The beginning of railroads not only brought goods and resources across the country at alarming rates, it also brought people. The railroads helped cut travel time in half, giving thousands of people a chance to finally explore their country as well as have a wider choice of goods to purchase. People were now able to transport cash crops like wheat, corn, and tobacco1 across the country for a fraction of the cost they were used to paying. The railroads also provided thousands of jobs for men all over the country. It brought thousands of immigrants from all over, looking for jobs and knowing that America was quickly becoming the land of opportunity. .

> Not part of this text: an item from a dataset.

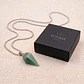 Collar Péndulo Piedra Aventurina Verde con Cadena de Acero - Miniatura 3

Railroads quickly became a fool proof system to exploit and use to its fullest extent, which is exactly what Cornelius Vanderbilt did when he began to build his empire of railroad systems, connecting the most populated cities across the United States of America. Vanderbilt soon owned almost 90% 2 of all the railroads in the country and started transporting oil from John D. Rockefellers oil company. Rockefeller was a young and upcoming business man and knew from the beginning that he wanted to make millions. He began by making the deal with Vanderbilt but, later was hungry for more and knew he could get a better deal for his oil. Rockefeller started refining oil into kerosene, which helped light up families' homes with the help of lamps. This goes on to bring Rockefeller the fame and fortune he so desired all along.
John D. Rockefeller begins to take over 90% of the oil market,1 buying out all the oil refineries he can. This causes quite the stir up between Vanderbilt and other men Rockefeller had made deals with on shipping his oil.